Art reflects culture, and in recent years we’ve seen a rise in dystopian future novels and movies. If they’re popular, it means there’s something we see in our world that we reflect (to its very extreme) in our entertainment.
So what do we see in our world that we reflect in our art?
The Classic Dystopian Novels
You’ve probably read some of these in high school, and even if not you’ve probably heard of these novels:
In Orwell’s 1984, an oppressive government controls every aspect of the world, especially thought. A group called the Thought Police monitors the populace for unapproved thoughts that could undermine their power, seeking to stamp it out. We see this in our world today with certain Church teachings, especially those about marriage, being seen by others as the enemy of human progress and must be eliminated.
Screen Entertainment is King:
Ray Bradbury’s Fahrenheit 451
In Fahrenheit 451, books are banned. And, no one wants to read them anyway. Instead they fill their time with screens, TV and movies (cell phones didn’t exist when the book was written). We see this in our world today with how much time we spend on our devices and not interacting with each other or reading or other hobbies.
Self-Medicate the Pain Away:
Aldous Huxley’s Brave New World
In Brave New World, drugs and promiscuity are the way the populace remains under control. If life is hard, self-medicating with temporary fixes numbs the pain, at least for a while. We see this in our world today with the prevalence of drug and alcohol abuse, pornography, and hookup culture, as well as the high prevalence of mental illnesses among millennials.
Current Dystopian Novels
There’s a good chance you may have read these books (or seen the movies based on some of them).
Suzanne Collins’ Hunger Games
Every year, the Capitol chooses two children each of the 12 districts to fight to the death in the annual Hunger Games as punishment for their rebellion some years ago. And the people of the country eagerly watch the games. We like to think that the future will be more civilized than the past, what with the Roman gladiatorial fights and things of that sort. But, the Hunger Games shows that’s not the case even in an “enlightened” future. We see our thirst for blood and gore in our movies and TV especially.
Everyone before age 16 is considered an Ugly: they haven’t had their plastic surgery to make their looks perfect, turning them into a Pretty. Children dream of their 16th birthday and what kind of extreme alterations they want to make to their appearance. We see this in our world today in our obsession with beauty and body image, and of course the rise of cosmetic plastic surgery.
Babies are a Burden:
P.D. James’ The Children of Men
Worldwide calamity strikes and suddenly no one is able to have kids. What happens when the final generation of children are now adults? It’s a huge look at the consequences of seeing children as a burden and not a blessing: the contraceptive mentality. We see this in our world today with declining birth rates in the West.

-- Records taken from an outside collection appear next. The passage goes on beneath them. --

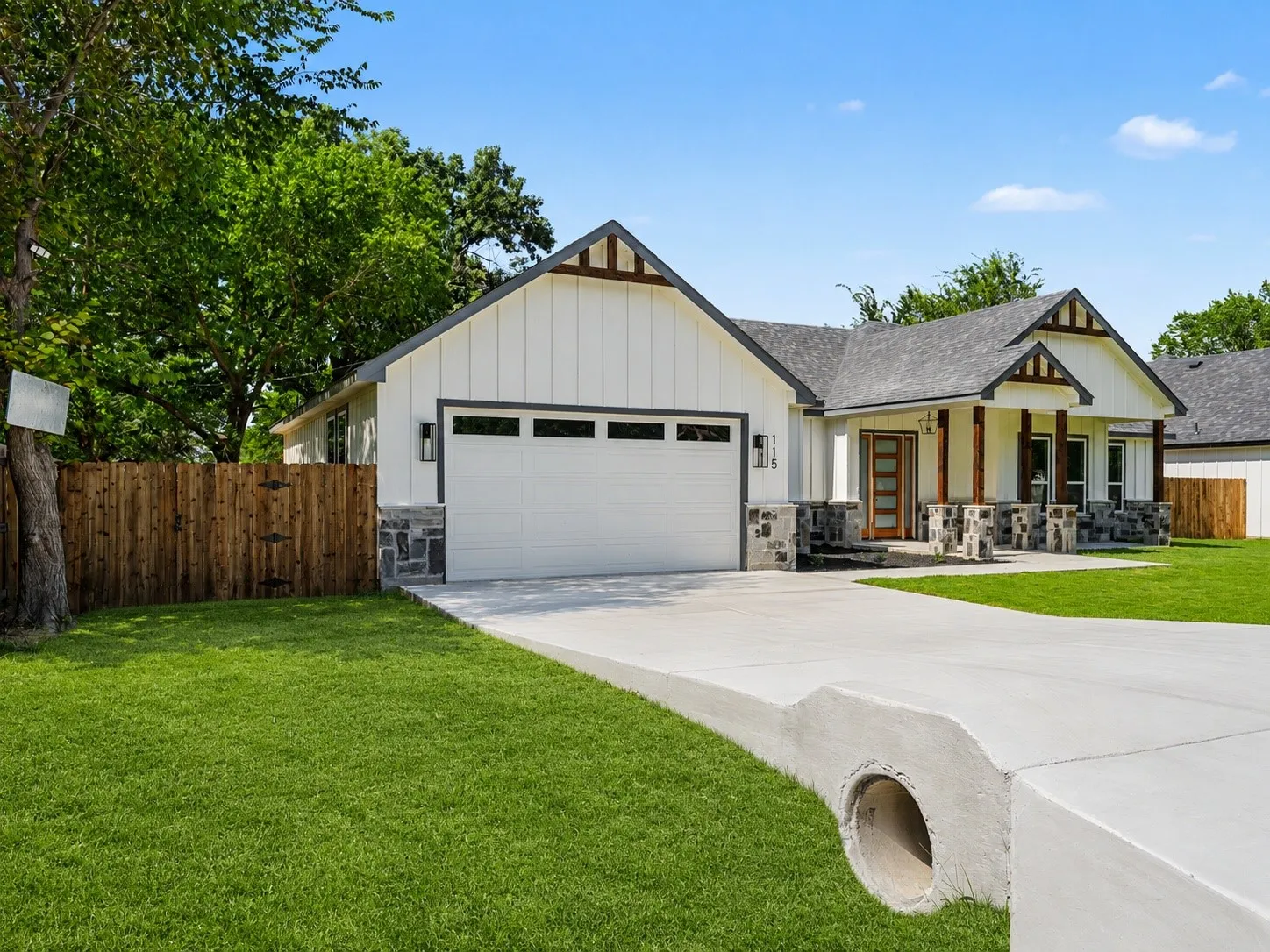 Modern ranch-style home featuring white board and batten siding, dark stone accents, wood-look porch columns, a gray shingled roof, and a concrete driveway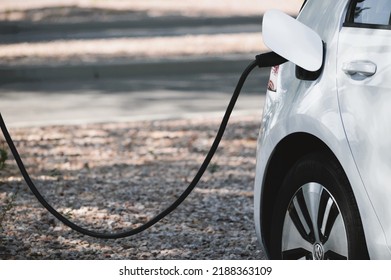 Ocotillo, Chandler, Arizona - August 08 2022: Intel Factory And Office Workers Charging Their EV Cars At A Charging Station At An Employee Parking Spot. Intel Offers Chargepoint Charging To Employees.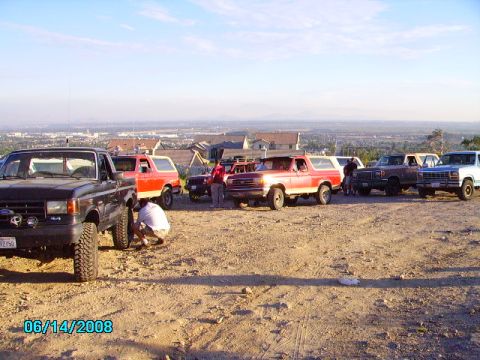1990 Ford Bronco - A group of Ford Broncos and trucks are parked on a hill with a town in the background.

Msgr. Robert Hugh Benson’s Lord of the World
Originally written in 1907 but recently republished, Benson imagines a world that marginalizes faith and seeks to replace it with secularization. Oh wait, that’s what’s happening right now. It’s always interesting to see how prophetic older books can sometimes be. Pope Francis highly recommends this book.
So, Now What?
Part of the Christian life is working to make this world more like Heaven, it’s part of the stewardship God has given us. Art reflects culture, and dystopian novels show us that way things could be, taking current ideas to their extreme. It’s a wake-up call, a call to arms. Time to take a stand.